[Short descriptive text snippets]
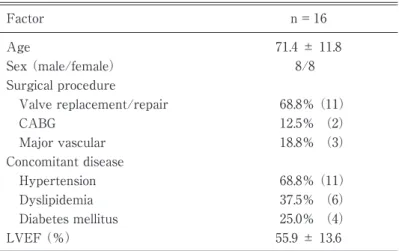 Table 3 　Patients demographics in study 2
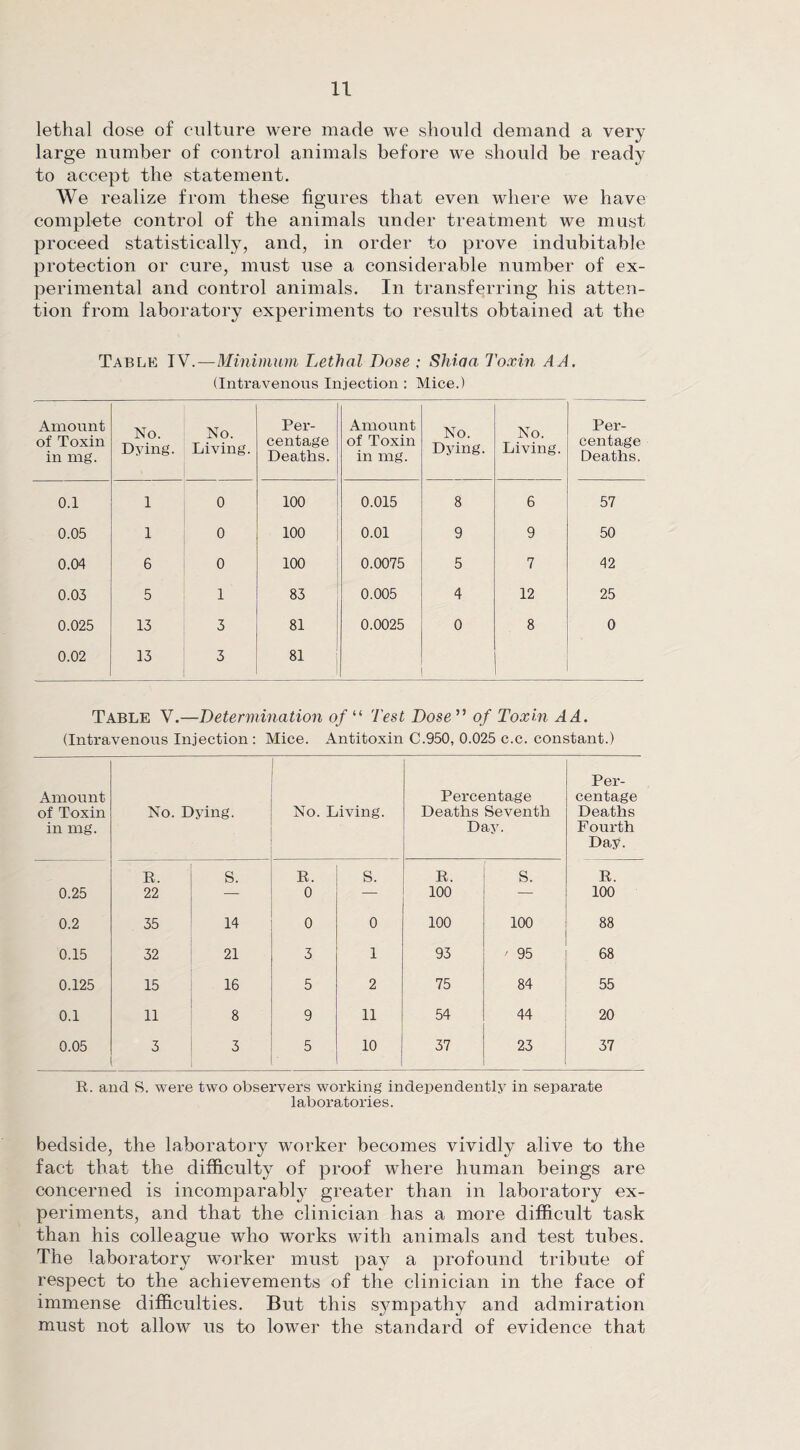 lethal dose of culture were made we should demand a very large number of control animals before we should be ready to accept the statement. We realize from these figures that even where we have complete control of the animals under treatment we must proceed statistically, and, in order to prove indubitable protection or cure, must use a considerable number of ex¬ perimental and control animals. In transferring his atten¬ tion from laboratory experiments to results obtained at the Table TV.—Minimum Lethal Dose ; Shiaa Toxin A A. (Intravenous Injection : Mice.) Amount of Toxin in mg. No. Dying. No. Living. Per¬ centage Deaths. Amount of Toxin in mg. No. Dying. No. Living. Per¬ centage Deaths. 0.1 1 0 100 0.015 8 6 57 0.05 1 0 100 0.01 9 9 50 0.04 6 0 100 0.0075 5 7 42 0.03 5 1 83 0.005 4 12 25 0.025 13 3 81 0.0025 0 8 0 0.02 13 3 81 Table V.—Determination of “ Test Dose ” of Toxin A A. (Intravenous Injection : Mice. Antitoxin C.950, 0.025 c.c. constant.) Amount of Toxin in mg. No. Dying. No. Living. Percentage Deaths Seventh Day. Per¬ centage Deaths Fourth Day. R, S. R. S. R. S. R. 0.25 22 — 0 — 100 — 100 0.2 35 14 0 0 100 100 88 0.15 32 21 3 1 93 / 95 68 0.125 15 16 5 2 75 84 55 0.1 11 8 9 11 54 44 20 0.05 3 3 5 10 37 23 37 R. and S. were two observers working independently in separate laboratories. bedside, the laboratory worker becomes vividly alive to the fact that the difficulty of proof where human beings are concerned is incomparably greater than in laboratory ex¬ periments, and that the clinician has a more difficult task than his colleague who works with animals and test tubes. The laboratory worker must pay a profound tribute of respect to the achievements of the clinician in the face of immense difficulties. But this s}7mpathy and admiration must not allow us to lower the standard of evidence that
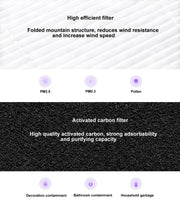 Original Xiaomi Mijia Replacement Air Filter Antibacterial Edition for Xiaomi Air Purifier 2 / 2S / 3 / Pro (S-CA-3110/HC5986W/HC5993/HC1580)
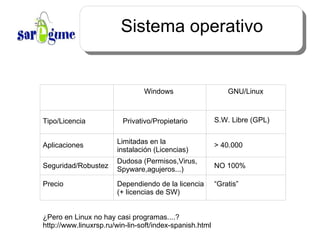 Sistema operativo Windows GNU/Linux Tipo/Licencia Privativo/Propietario S.W. Libre (GPL) Aplicaciones Seguridad/ Robustez Precio Limitadas en la  instalación  (Licencias) > 40.000 Dudosa (Permisos,Virus, Spyware,agujeros...) Dependiendo de la licencia (+ licencias de SW) “Gratis” NO 100% ¿Pero en  Linux  no hay casi programas....? http://www.linuxrsp.ru/win-lin-soft/index-spanish.html 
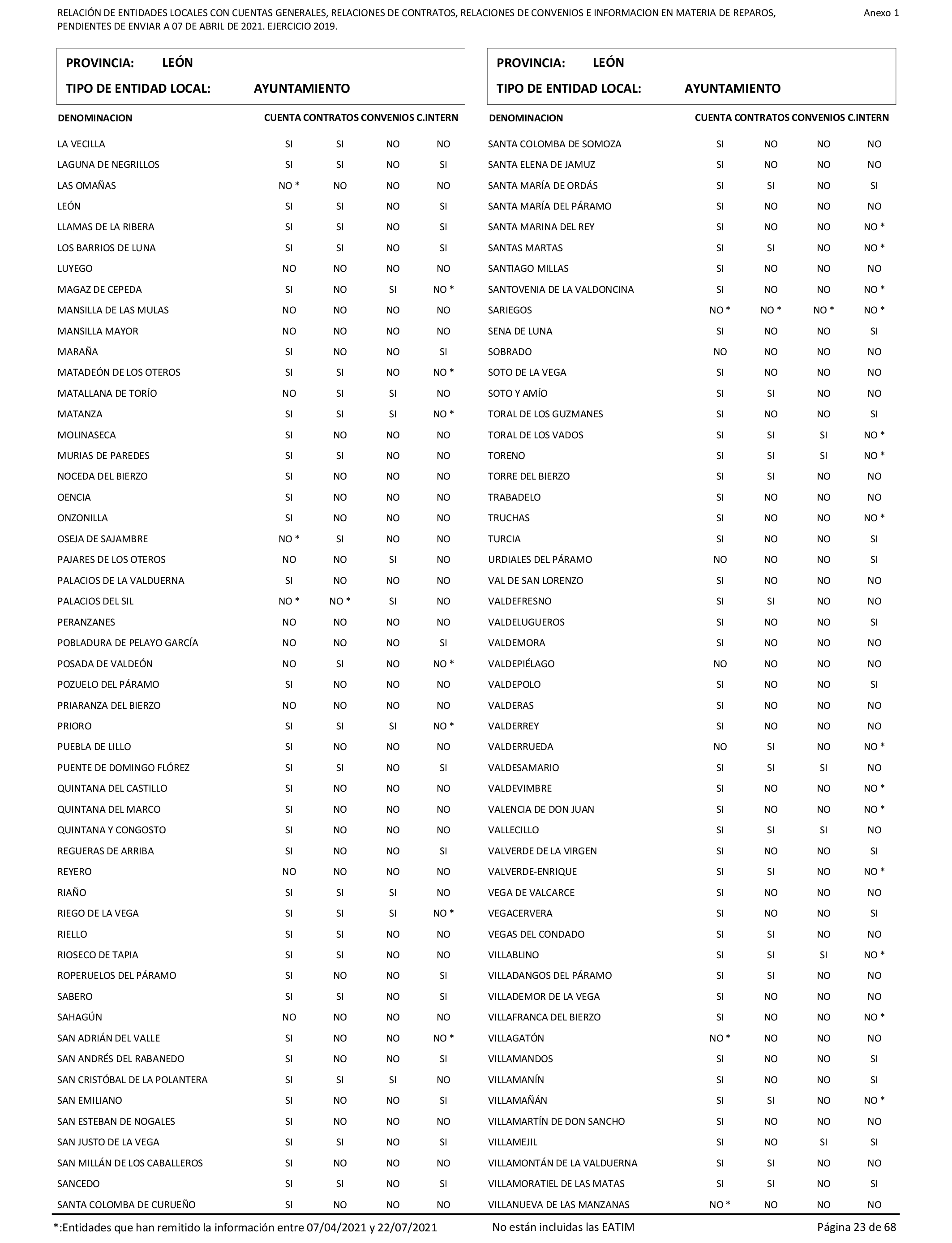 Imagen: /datos/imagenes/disp/2022/86/5906_11421582_23.png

§ WORK REQUEST: After locating the line containing "Original Xiaomi Mijia" in the entries above, repeat only it and each later line through the end, exactly, without any pictures.

§ PROBLEM SOLUTION:
 Original Xiaomi Mijia Replacement Air Filter Antibacterial Edition for Xiaomi Air Purifier 2 / 2S / 3 / Pro (S-CA-3110/HC5986W/HC5993/HC1580)
 Sistema operativo Windows GNU/Linux Tipo/Licencia Privativo/Propietario S.W. Libre (GPL) Aplicaciones Seguridad/ Robustez Precio Limitadas en la  instalación  (Licencias) > 40.000 Dudosa (Permisos,Virus, Spyware,agujeros...) Dependiendo de la licencia (+ licencias de SW) “Gratis” NO 100% ¿Pero en  Linux  no hay casi programas....? http://www.linuxrsp.ru/win-lin-soft/index-spanish.html 
 Imagen: /datos/imagenes/disp/2022/86/5906_11421582_23.png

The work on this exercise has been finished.